O Ibovespa registrou nesta quinta-feira (23) a quinta maior alta do ano, com ganho de 1,2% que adicionou R$ 104 bilhões ao valor de mercado da B3. Com isso, a bolsa brasileira se aproximou do patamar de R$ 5 trilhões em valor de mercado, impulsionada por otimismo no exterior e alívio nas tensões comerciais entre Estados Unidos e China.
Desempenho do Ibovespa e impacto no mercado
O índice fechou aos 134.567 pontos, maior nível desde o início de abril. O volume financeiro negociado foi de R$ 28,5 bilhões, bem acima da média diária de R$ 22 bilhões. Entre os destaques de alta, as ações da Vale (VALE3) subiram 2,3%, acompanhando a recuperação dos preços do minério de ferro na China. Já a Petrobras (PETR4) avançou 1,8%, beneficiada pela alta do petróleo no mercado internacional.

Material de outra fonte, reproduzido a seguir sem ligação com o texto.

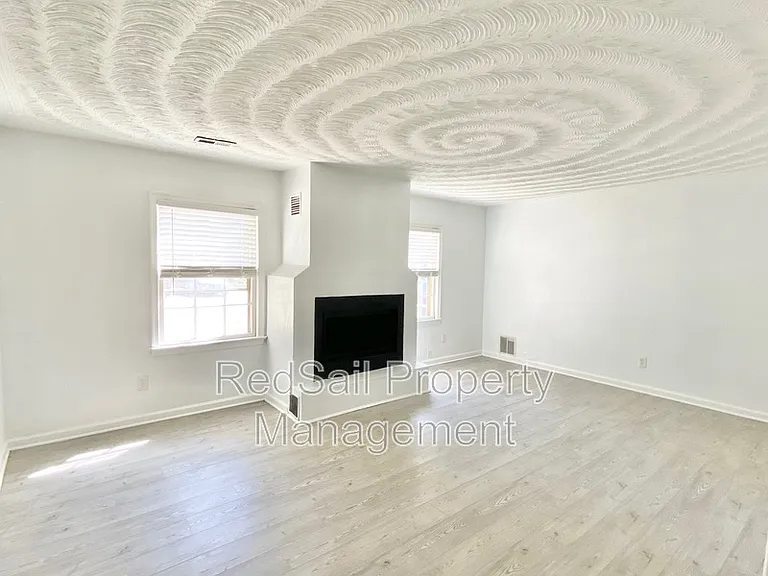416 Hustings Ln #F — Photo 3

Segundo analistas do Bradesco BBI, o Brasil voltou a ser a principal aposta entre os mercados emergentes, com fluxo de capital estrangeiro voltando para a bolsa. “A maré começou a virar e o Brasil é a principal aposta”, afirmou o banco em relatório.
Setores em evidência
O setor de tecnologia também teve forte desempenho, com a WEG (WEGE3) saltando 10% após anúncio de novos contratos para fornecimento de equipamentos para data centers de inteligência artificial. Segundo estimativas, os data centers de IA podem destravar R$ 100 bilhões por ano no Brasil, beneficiando empresas como WEG, Tupy e Marcopolo.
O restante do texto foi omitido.